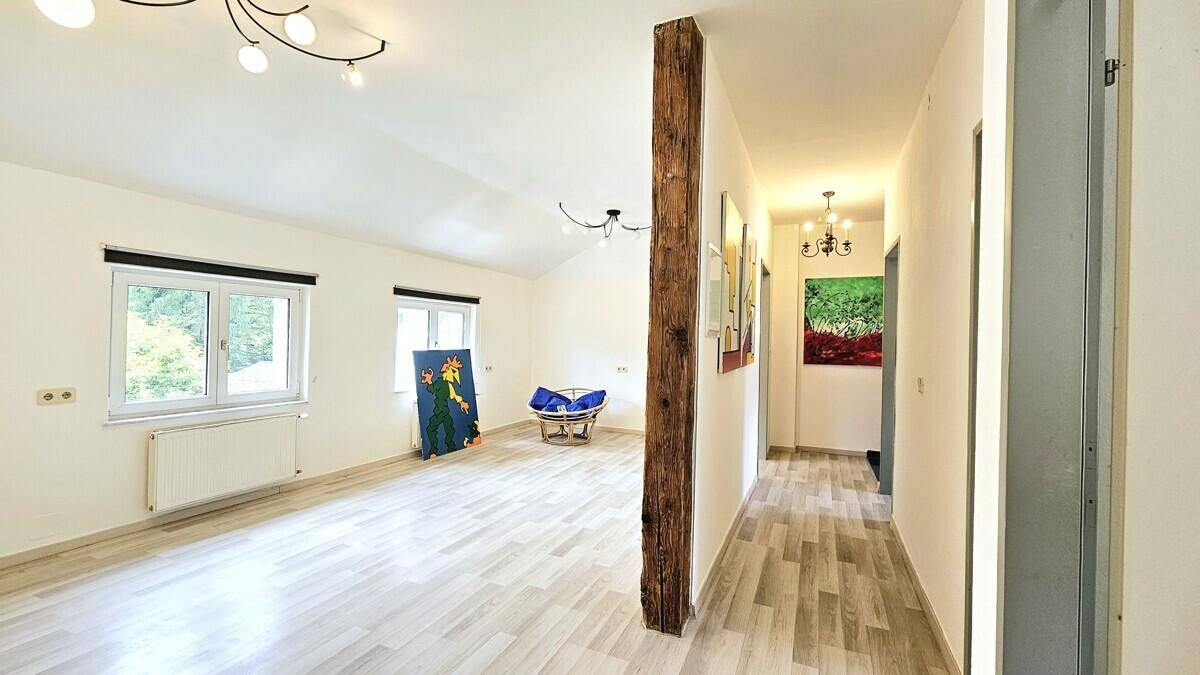 Charmante Maisonette-Wohnung mit 4 Schlafzimmern – ideal für Familien oder Studenten-WG - FH Nähe - Ansicht 4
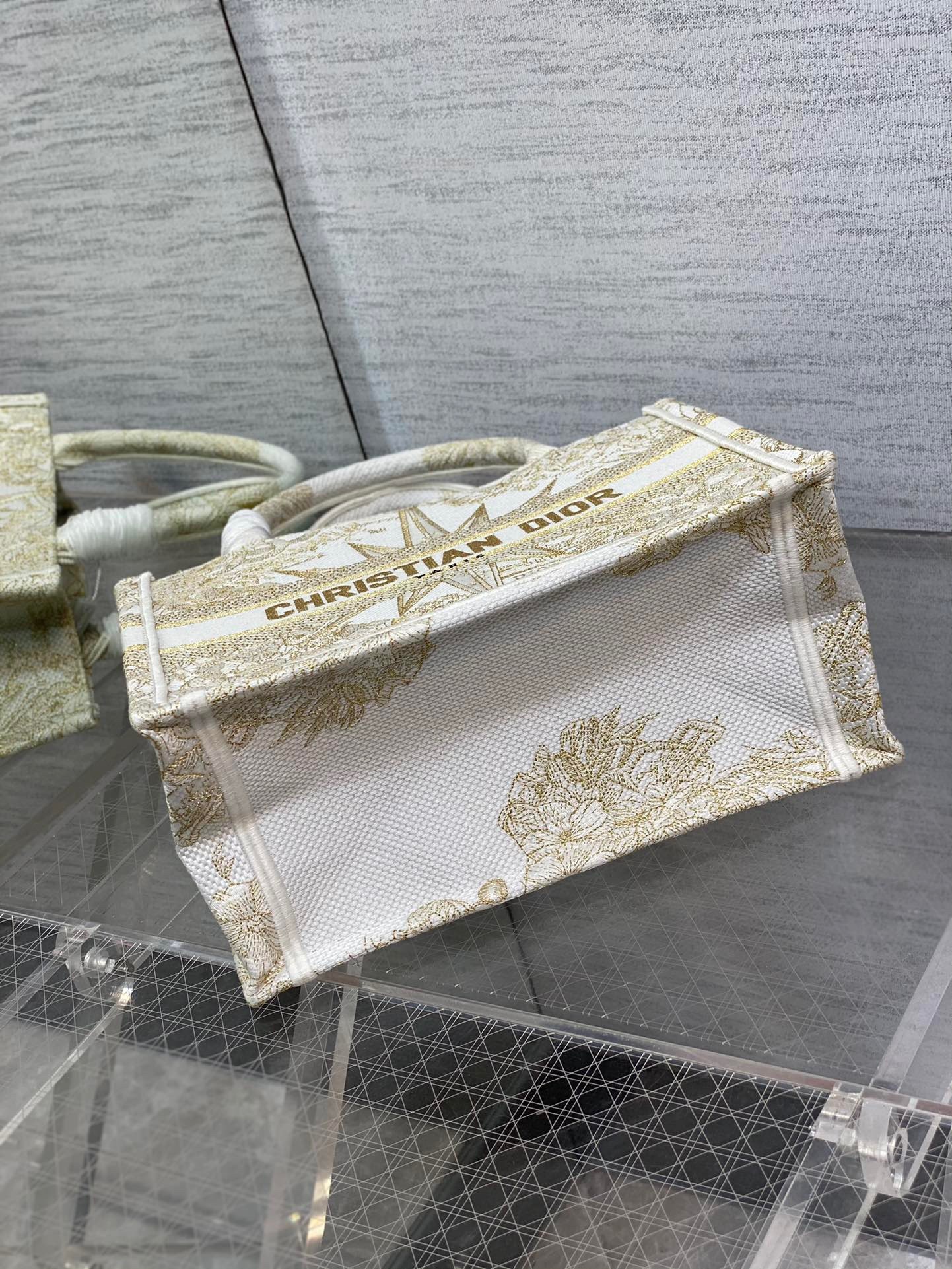 D*or small book tote bag in gold rêve d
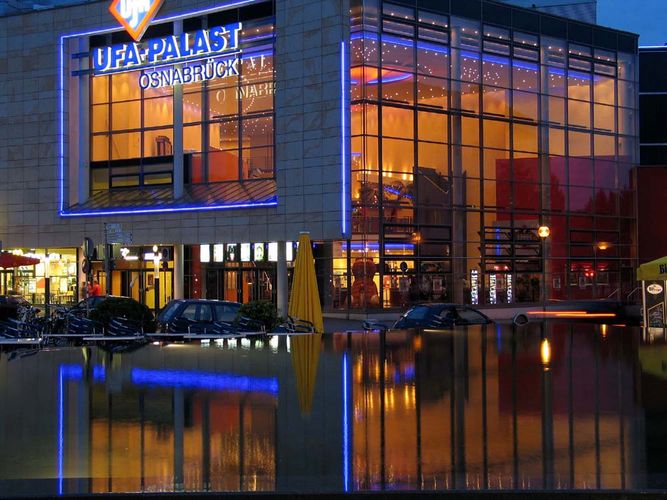 Am Bahnhof Osnabrück Foto & Bild architektur, architektur bei nacht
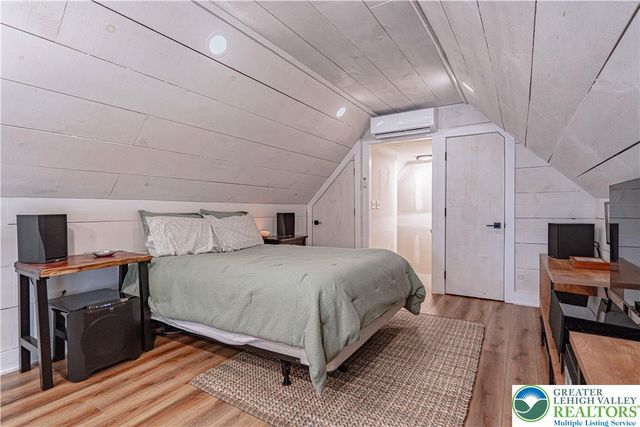 1799 Franklin Way, South Whitehall Twp, PA 18104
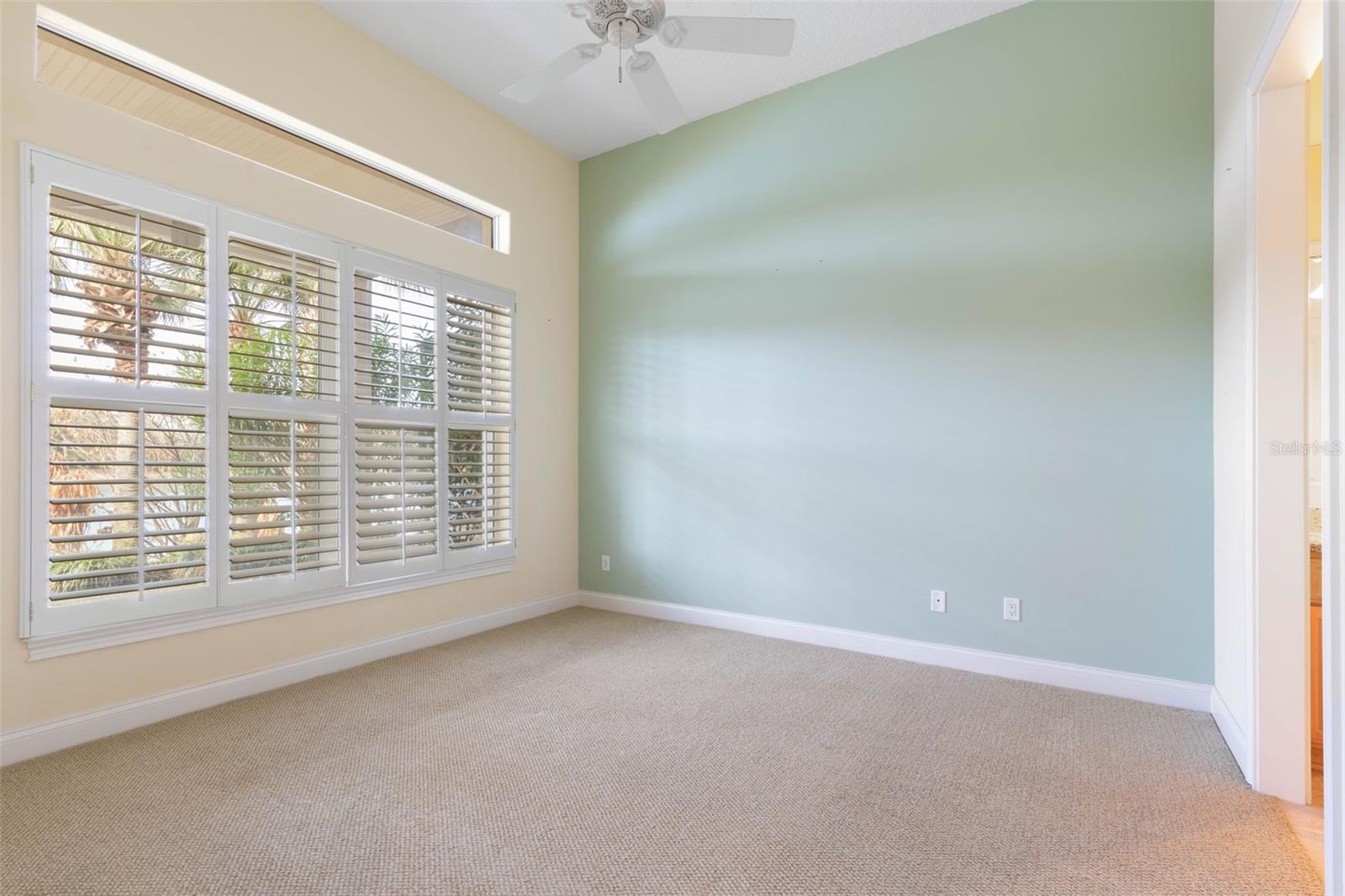 Image 14 of 84 For 262 Yacht Harbor Drive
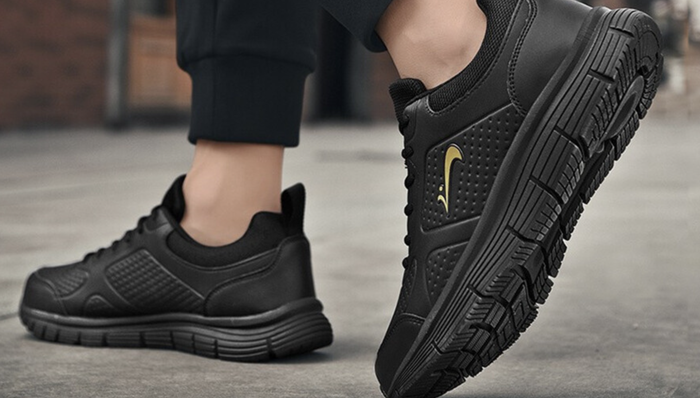 贵人鸟,财报,投资,股权拍卖,李宁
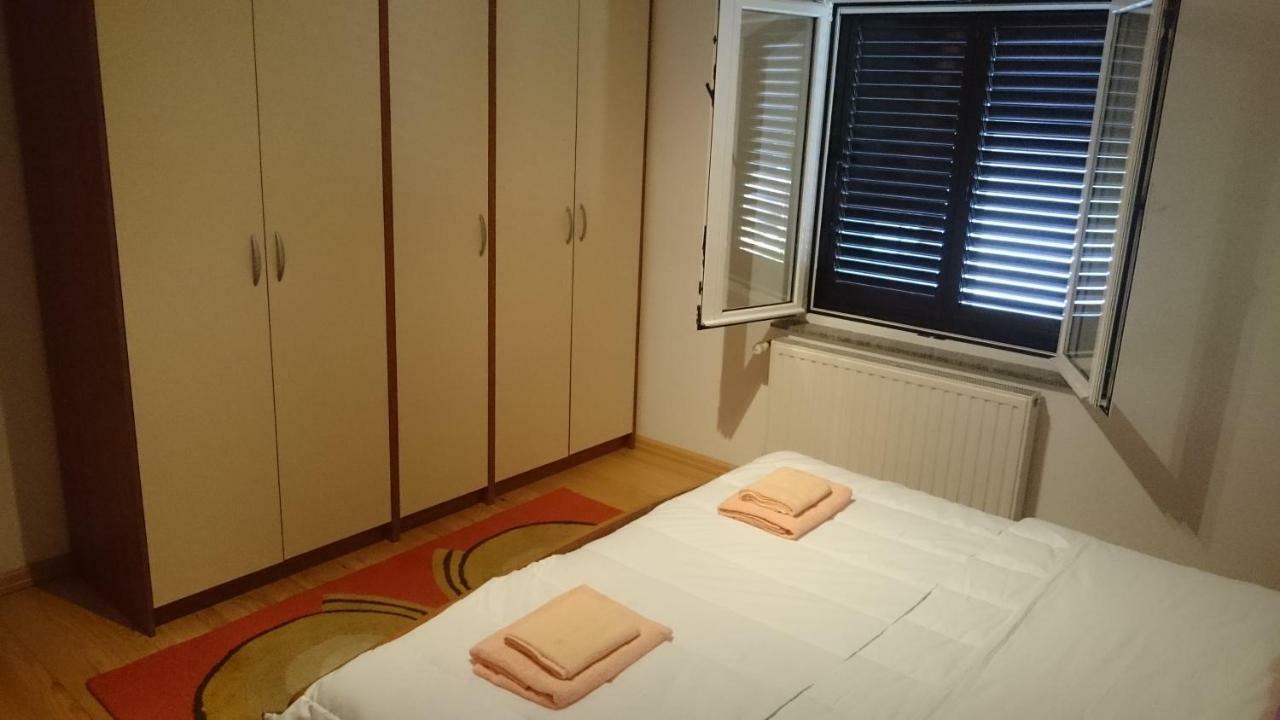Apartment Kosic Zgaljic Exteriör bild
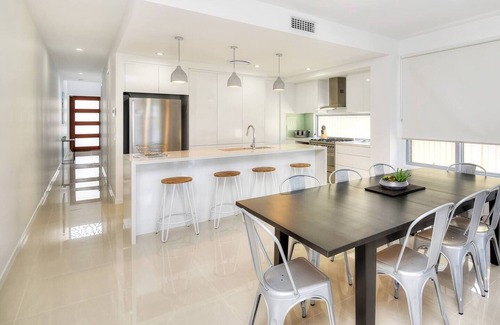Surfers Paradise Villa | Bliss At Surfers Paradise walk to Surfers!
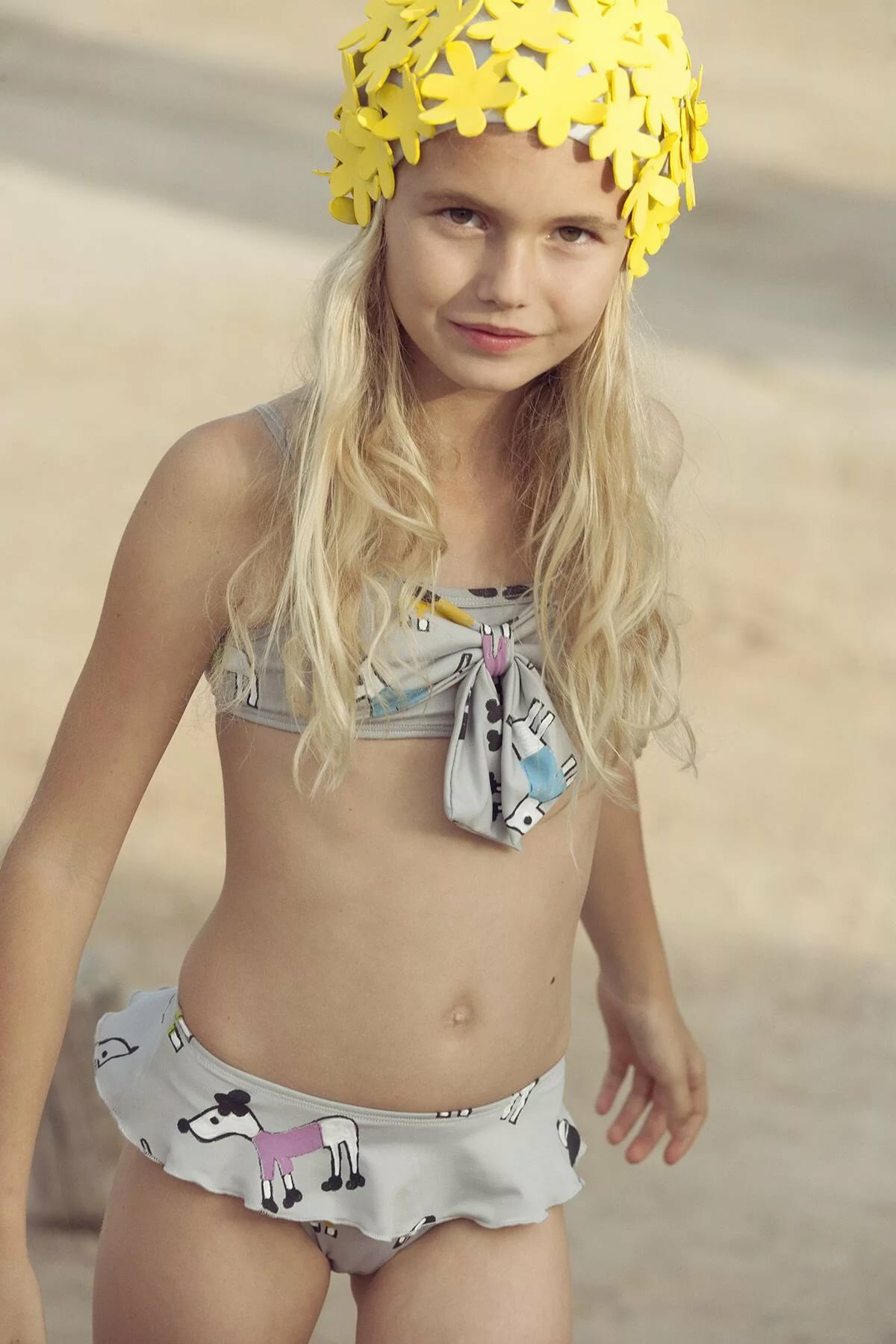 pics-young-girl-bare-models-chicks-and-monsters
☆ ☆ ☆
■ About this exercise ■
Output, exactly and without pictures, the span of lines that starts at the line containing "Am Bahnhof Osnabrück" and ends at the last line above.

■ The answer ■
 Am Bahnhof Osnabrück Foto & Bild architektur, architektur bei nacht
 1799 Franklin Way, South Whitehall Twp, PA 18104
 Image 14 of 84 For 262 Yacht Harbor Drive
 贵人鸟,财报,投资,股权拍卖,李宁
Apartment Kosic Zgaljic Exteriör bild
Surfers Paradise Villa | Bliss At Surfers Paradise walk to Surfers!
 pics-young-girl-bare-models-chicks-and-monsters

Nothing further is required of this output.